Wednesday, May 14, 2014

Let’s divide the world web web into two categories.

The Sites That Have You

These are the web sites that you must use because you are a captive customer. The web site for your primary bank would be one example.

The Sites That Want You

These are the sites that play in industries like banking and travel, but all they have to attract you in is the site. They don’t own flying machines or safety deposit boxes. A site like this in the travel industry only exists to provide the best experience possible in searching for tickets and reservations.

The Contrast

Not surprisingly, the sites that want you typically have more fully featured websites that are easier to use than the websites of those who have you

As an example, let’s look at zoomed out views of flight search results. The left hand side of the picture below is the search results on Kayak.com (just using them as an example). On the right hand side is the search results of a major U.S. air carrier (instead of naming names, let’s call them Unified Airlines).

The areas highlighted in green are flight options with details or general information to help select a flight.

The areas shaded in blue are search and filtering controls to help narrow in on the perfect flight.

The areas in red are advertisements, fee warnings, upsell opportunities, pitches for Unified Airlines credit cards, and wasted white space.

Comparing flight search results

We can call the total amounts of green space even, though Kayak displays twice as many flight results as Unified Airlines does above the fold.

The blue space winner is clearly Kayak. Unified doesn’t provide nearly as many filtering and sorting controls as Kayak and the majority of the controls they do provide are not only at the bottom of the page, but they also aren’t as interactive and require the browser to render an entirely new search results page.

It looks like the priority for Kayak’s development team is to build a great website for finding flights. The priority given to the Unified development team is to sign up travelers for a credit card. 

The Payload

Charriot Page LoadLet’s pick on another company, this one I’ll call Charriott Hotels. I frequently stay at Charriott properties and use their web site to book rooms. On slow WiFi connections, the desktop version of the site takes forever to load, and a quick peek at the network tab of the developer tools explains why (the image to the right is a zoomed out view).
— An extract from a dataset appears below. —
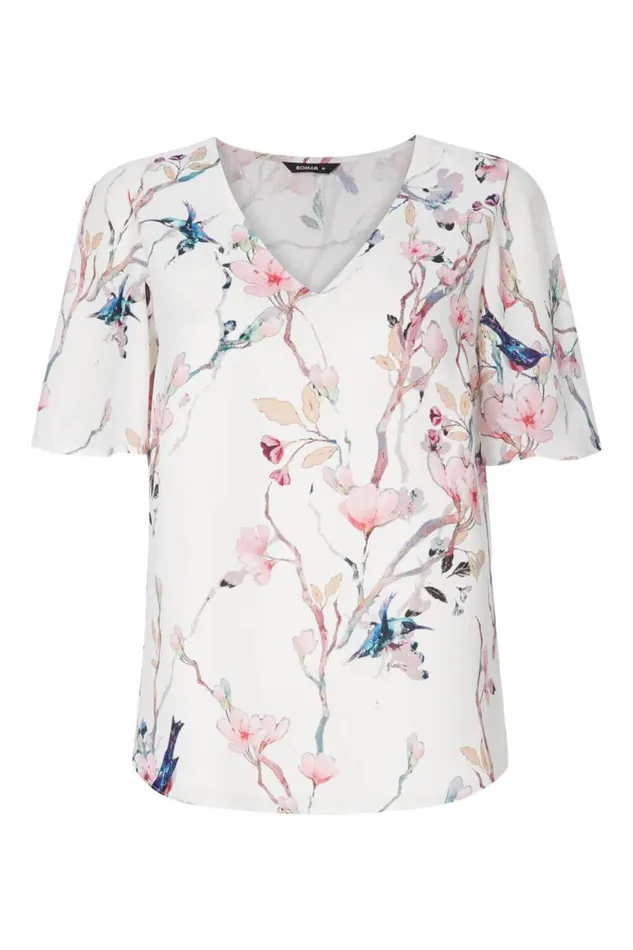 Ivory Floral Angel Sleeve VNeck Top Women Roman Tops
Charriott’s home page sends out 57 network requests for more than 900KB of total payload. However, this is not bad. Most of travel sites, even the ones that want you, are making north of 50 requests for around 1MB of payload by the time all the destination vacation pictures and analytic scripts are finished.  Plus, Charriott minifies most of their scripts and CSS, gzips  and cache controls their static content, and bundles some (but not all) of their files together.
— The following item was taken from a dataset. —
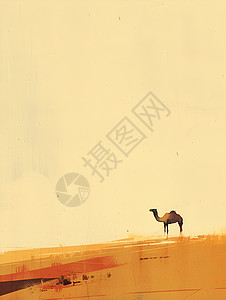 孤独的骆驼沙丘动物高清图片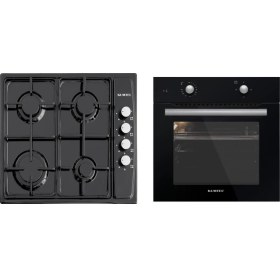 Resim Kumtel 2'li Ankastre Set (KO-B66-S2 Siyah Ankastre Fırın + KO-410 BF Siyah Ankastre Ocak)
Still, even casual observation shows areas for improvement. The largest asset download is a 267KB download of minified script that includes:

  • jQuery
  • YUI 2.6
  • jQuery UI (including all effects)
  • 5 or 6 additional jQuery plugins (some un-minified)

I’m not a fan of optimizing script downloads just to save a kilobyte here and there, but for the home page of a major hotel brand I’d try to avoid loading two large script frameworks with overlapping functionality. The entire file must be downloaded and parsed before the home page is usable, and I’m certain it is possible to make this happen with less than 1/3 the amount of script currently in the page.

The Conclusion

Unified and Charriott actually have good web sites for the large companies that they are. Time and time again I see large company web sites that are disasters, even technology companies that understand design and computers. I don’t believe this is the fault of the development teams. I believe bad web sites are the product of politics, design by committee processes, and the  inherent difficulty in managing a large IT staff. The teams can make it happen, they just need the opportunity and an environment to make it happen.